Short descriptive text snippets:

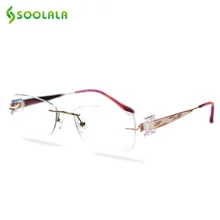 SOOLALA, без оправы, титановые очки для чтения, женские, стразы, ультралегкие очки для пресбиопии, очки с подарком, посылка от 0,5 до 5,0
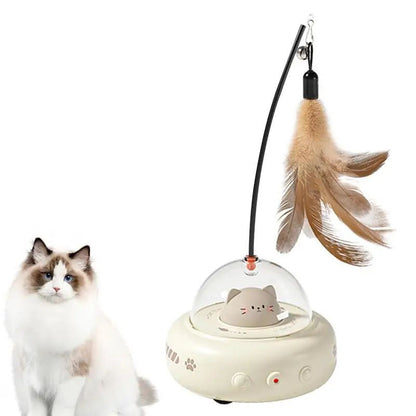 Electric Cat Interactive Toy Pet Toys With Feather Cat Teaser Wand Rechargeable Electric Sensing Pet Toys For Chasing Training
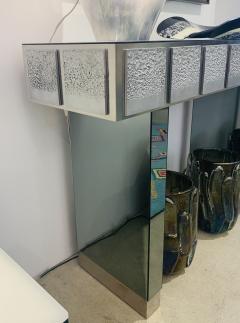 Bespoke Italian Contemporary One of a Kind Polished Steel Smoked Mirror Console - 2092422
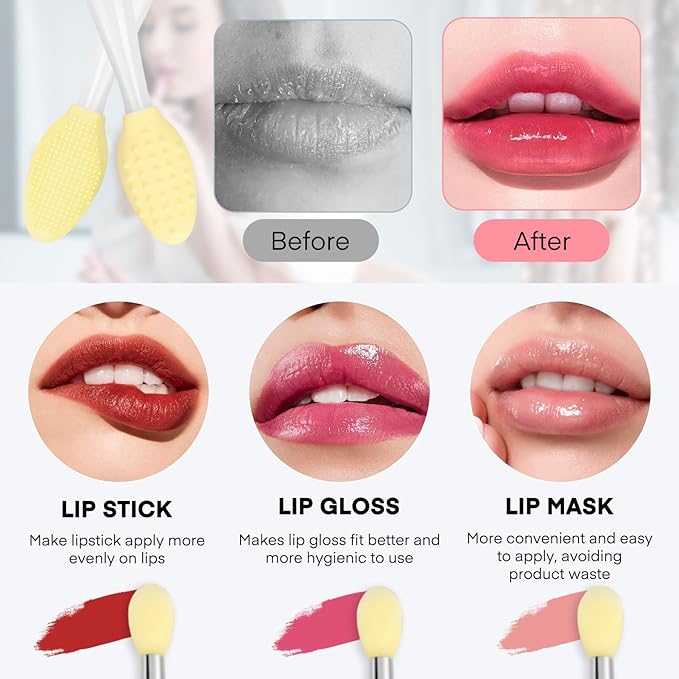 Unaone Lip Scrub Brush - 3 PCS Dual-ended Lip Scrubber Exfoliator and Silicone Lip Brush, 3-in-1 Silicone Lip Scrub Tool Lip Mask Applicator, Gentle Exfoliator & Applicator for Soft-FemmiqueWomen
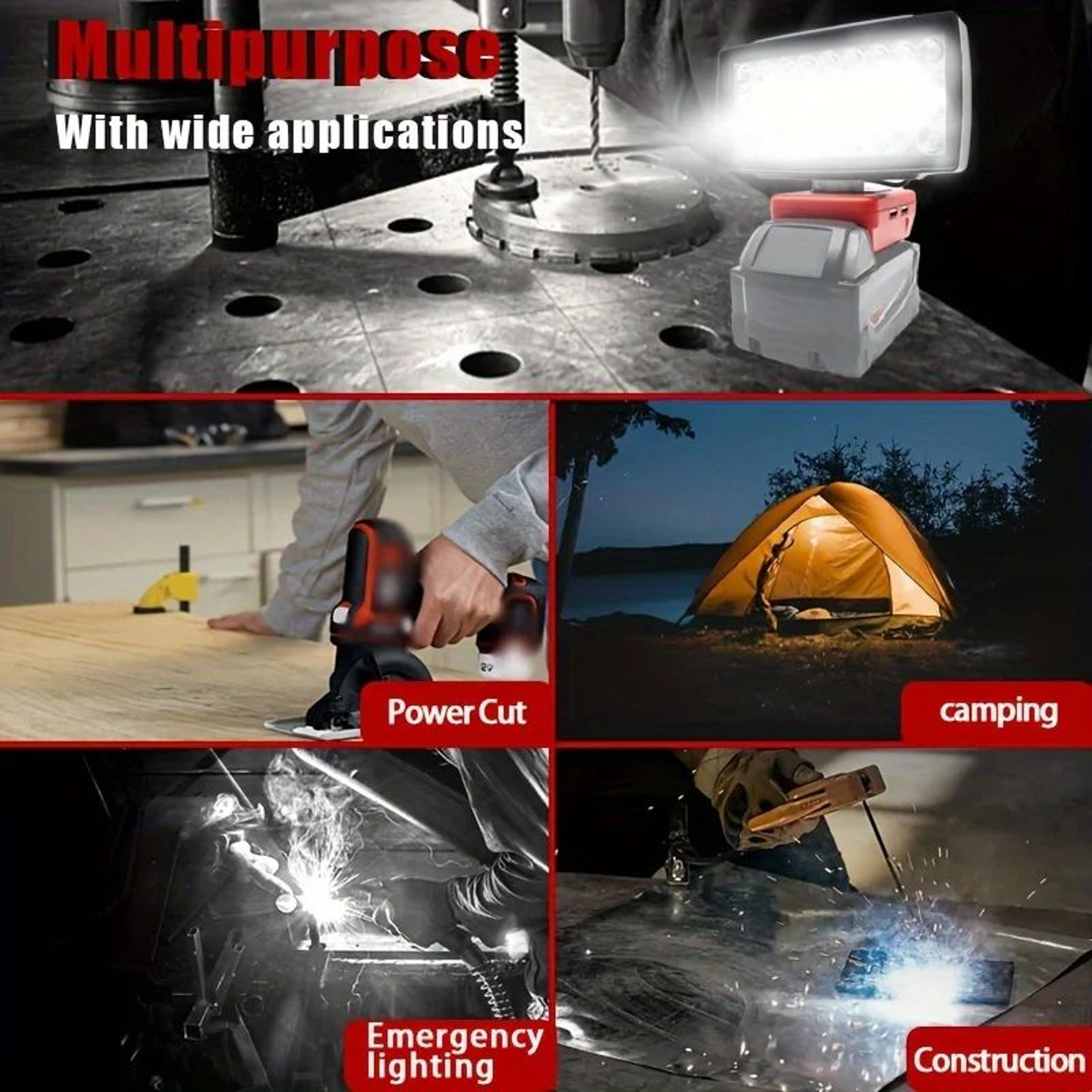 36 LED 2500LM Flood Work Light For Milwaukee M18 Battery 5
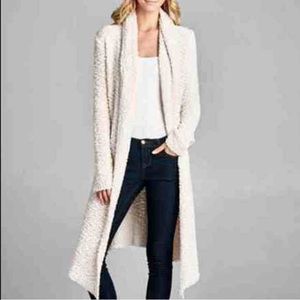 Cream knit long line cardigan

WHAT YOU WILL DO
For this exercise, output the records exactly but omit their pictures.

OUTPUT FOR THIS TASK
 SOOLALA, без оправы, титановые очки для чтения, женские, стразы, ультралегкие очки для пресбиопии, очки с подарком, посылка от 0,5 до 5,0
 Electric Cat Interactive Toy Pet Toys With Feather Cat Teaser Wand Rechargeable Electric Sensing Pet Toys For Chasing Training
 Bespoke Italian Contemporary One of a Kind Polished Steel Smoked Mirror Console - 2092422
 Unaone Lip Scrub Brush - 3 PCS Dual-ended Lip Scrubber Exfoliator and Silicone Lip Brush, 3-in-1 Silicone Lip Scrub Tool Lip Mask Applicator, Gentle Exfoliator & Applicator for Soft-FemmiqueWomen
 36 LED 2500LM Flood Work Light For Milwaukee M18 Battery 5
 Cream knit long line cardigan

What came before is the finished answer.